** Opening Data for the task block **

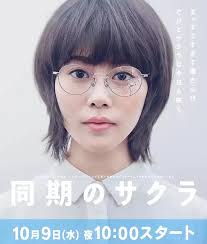 同期的小樱海报剧照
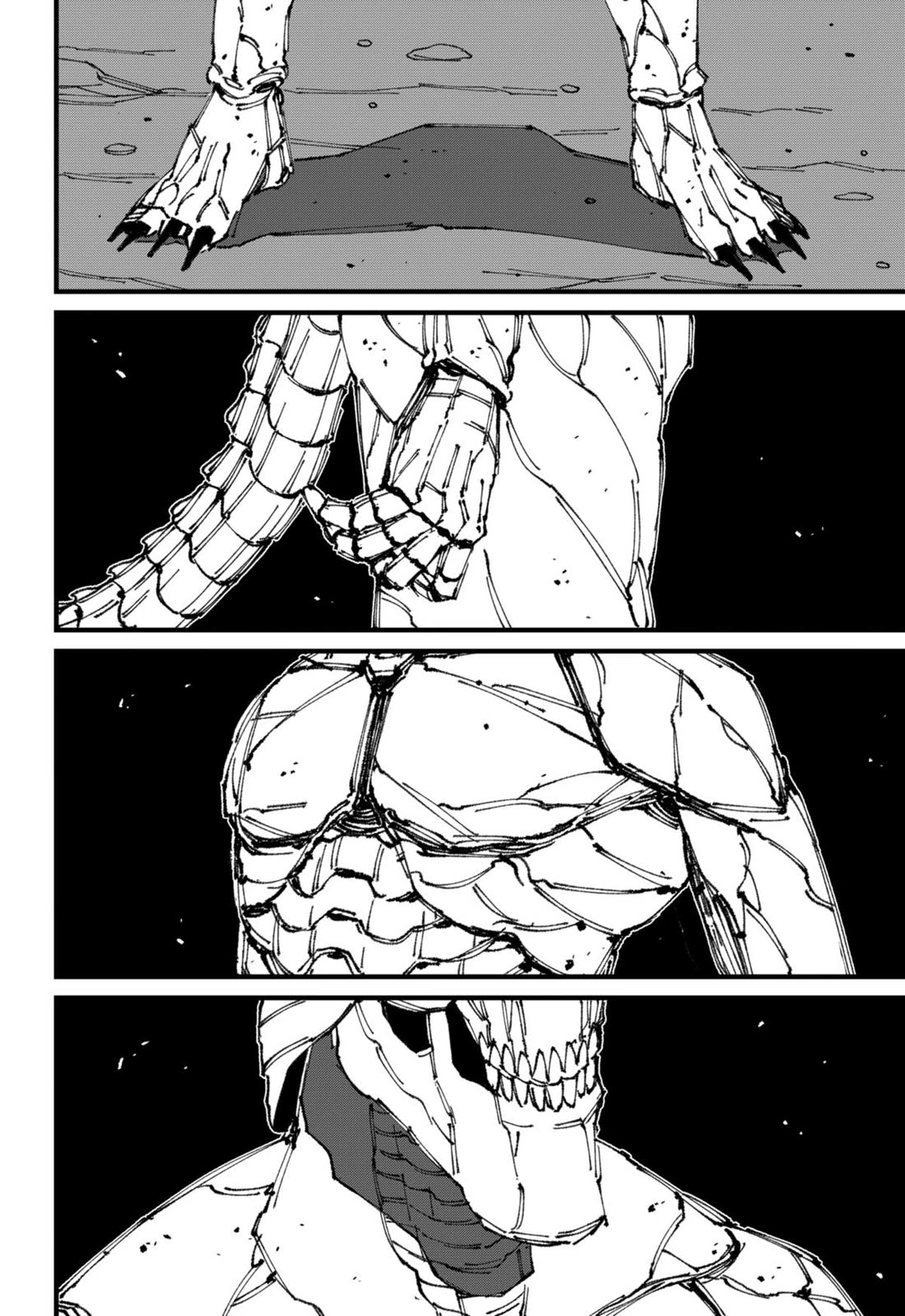 Read MAD EN Manga Online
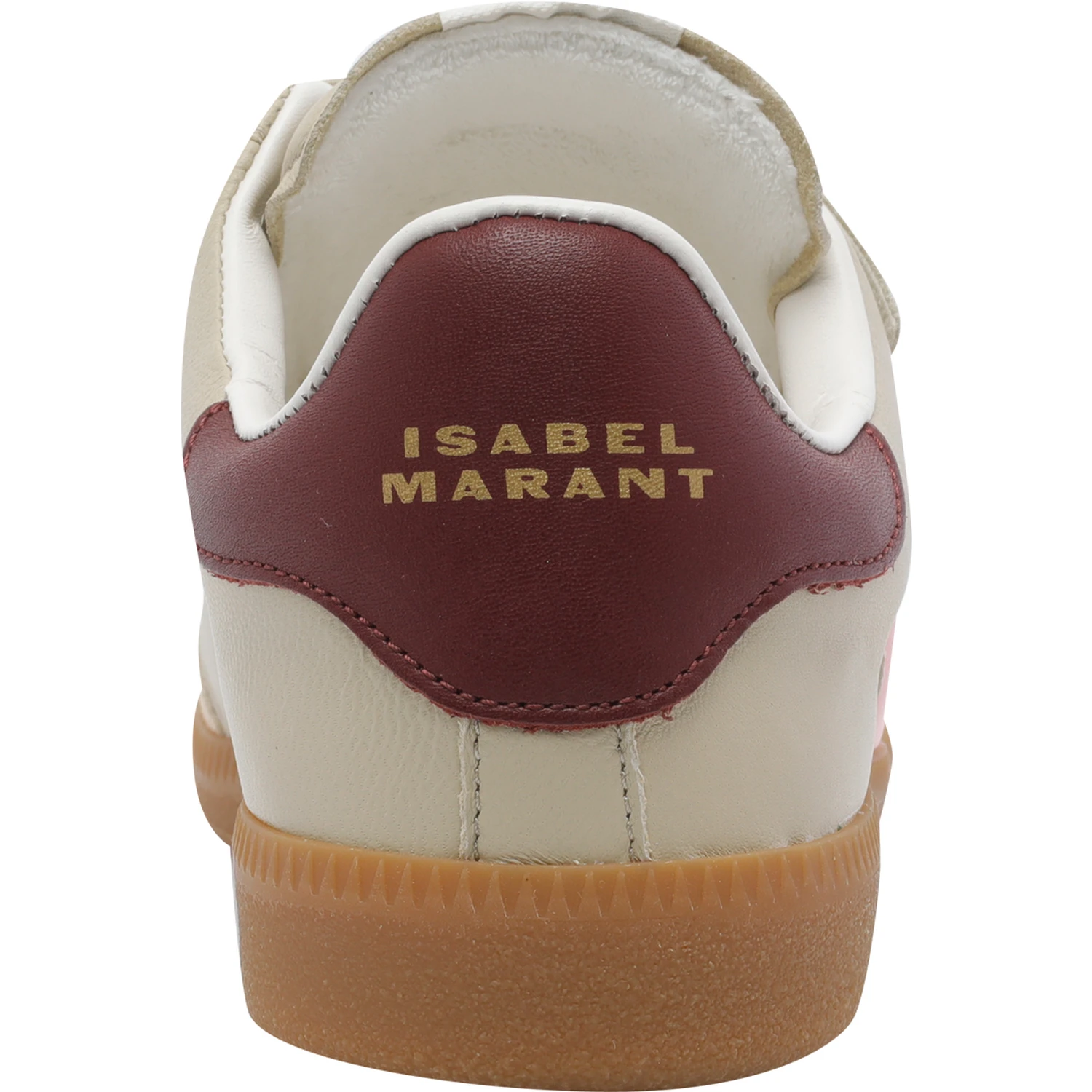 Isabel Marant Sneakers Beige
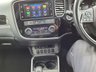 USED 2019 19 MITSUBISHI OUTLANDER 2.2 DI-D 4 SUV 5dr Diesel Auto 4WD Euro 6 (147 ps) GENUINE MILEAGE AUTOMATIC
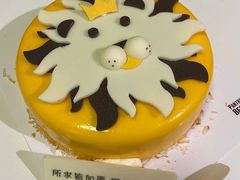 -派悦坊·甜品·蛋糕(日坛店)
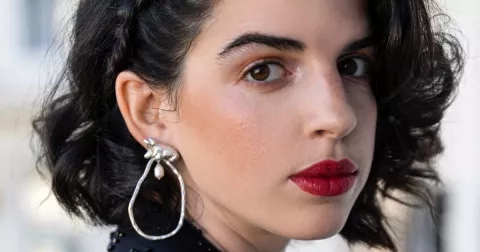 Ve znamení krásy: Top beauty looky filmového festivalu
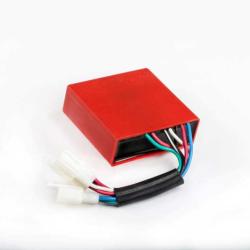 RICKS MOTORSPORT ELECTRICS 15206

** Closing Data for the task block **

[Your assignment] Without including any pictures, print each record exactly.

[Answer for this exercise]
 同期的小樱海报剧照
 Read MAD EN Manga Online
 Isabel Marant Sneakers Beige
 USED 2019 19 MITSUBISHI OUTLANDER 2.2 DI-D 4 SUV 5dr Diesel Auto 4WD Euro 6 (147 ps) GENUINE MILEAGE AUTOMATIC
 -派悦坊·甜品·蛋糕(日坛店)
 Ve znamení krásy: Top beauty looky filmového festivalu
 RICKS MOTORSPORT ELECTRICS 15206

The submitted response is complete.